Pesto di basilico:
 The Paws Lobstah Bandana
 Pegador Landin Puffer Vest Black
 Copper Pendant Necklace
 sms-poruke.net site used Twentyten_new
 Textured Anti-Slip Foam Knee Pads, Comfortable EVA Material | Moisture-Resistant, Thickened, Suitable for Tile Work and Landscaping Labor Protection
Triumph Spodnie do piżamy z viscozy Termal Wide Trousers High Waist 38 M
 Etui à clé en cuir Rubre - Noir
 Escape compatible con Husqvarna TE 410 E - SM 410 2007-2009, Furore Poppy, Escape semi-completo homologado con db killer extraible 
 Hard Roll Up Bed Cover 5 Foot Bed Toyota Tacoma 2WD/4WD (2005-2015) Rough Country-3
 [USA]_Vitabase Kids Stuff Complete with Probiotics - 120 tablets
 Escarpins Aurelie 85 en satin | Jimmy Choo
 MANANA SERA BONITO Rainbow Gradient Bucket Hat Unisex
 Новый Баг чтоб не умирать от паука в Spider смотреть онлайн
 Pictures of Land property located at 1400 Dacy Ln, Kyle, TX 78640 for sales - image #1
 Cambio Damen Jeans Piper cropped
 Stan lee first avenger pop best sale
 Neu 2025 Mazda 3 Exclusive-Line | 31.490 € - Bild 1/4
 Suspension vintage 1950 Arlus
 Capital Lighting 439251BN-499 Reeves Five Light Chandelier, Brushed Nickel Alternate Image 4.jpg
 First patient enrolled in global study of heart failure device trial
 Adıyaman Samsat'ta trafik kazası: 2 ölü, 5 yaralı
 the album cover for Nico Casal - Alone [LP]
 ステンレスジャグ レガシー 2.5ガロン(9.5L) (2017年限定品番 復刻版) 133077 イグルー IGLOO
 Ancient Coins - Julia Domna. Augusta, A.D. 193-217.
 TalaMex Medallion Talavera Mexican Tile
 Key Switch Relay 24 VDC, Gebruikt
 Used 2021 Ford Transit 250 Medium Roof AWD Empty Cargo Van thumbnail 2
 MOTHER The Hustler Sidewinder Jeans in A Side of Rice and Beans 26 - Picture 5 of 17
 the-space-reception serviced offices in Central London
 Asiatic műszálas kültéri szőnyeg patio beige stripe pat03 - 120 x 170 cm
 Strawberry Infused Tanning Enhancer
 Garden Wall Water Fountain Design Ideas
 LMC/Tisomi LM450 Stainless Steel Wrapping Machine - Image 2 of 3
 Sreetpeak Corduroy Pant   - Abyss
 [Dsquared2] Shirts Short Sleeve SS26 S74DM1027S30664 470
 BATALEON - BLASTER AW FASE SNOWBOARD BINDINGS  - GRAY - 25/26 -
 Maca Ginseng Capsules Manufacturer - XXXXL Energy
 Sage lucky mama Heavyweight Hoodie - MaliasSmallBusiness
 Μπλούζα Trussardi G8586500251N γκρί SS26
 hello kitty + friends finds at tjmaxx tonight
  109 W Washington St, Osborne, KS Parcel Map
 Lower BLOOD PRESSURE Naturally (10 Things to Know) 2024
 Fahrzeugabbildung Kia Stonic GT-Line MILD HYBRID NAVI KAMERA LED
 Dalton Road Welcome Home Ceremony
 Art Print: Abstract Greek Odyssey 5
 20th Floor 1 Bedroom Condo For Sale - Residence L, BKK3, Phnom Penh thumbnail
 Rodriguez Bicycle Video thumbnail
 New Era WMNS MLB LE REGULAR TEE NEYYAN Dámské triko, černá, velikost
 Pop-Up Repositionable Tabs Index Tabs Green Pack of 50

***

→ ASSIGNMENT: Search the entries for the word "Tile". Copy each line where it appears.

→ ANSWER TO THIS TASK:
 Textured Anti-Slip Foam Knee Pads, Comfortable EVA Material | Moisture-Resistant, Thickened, Suitable for Tile Work and Landscaping Labor Protection
 TalaMex Medallion Talavera Mexican Tile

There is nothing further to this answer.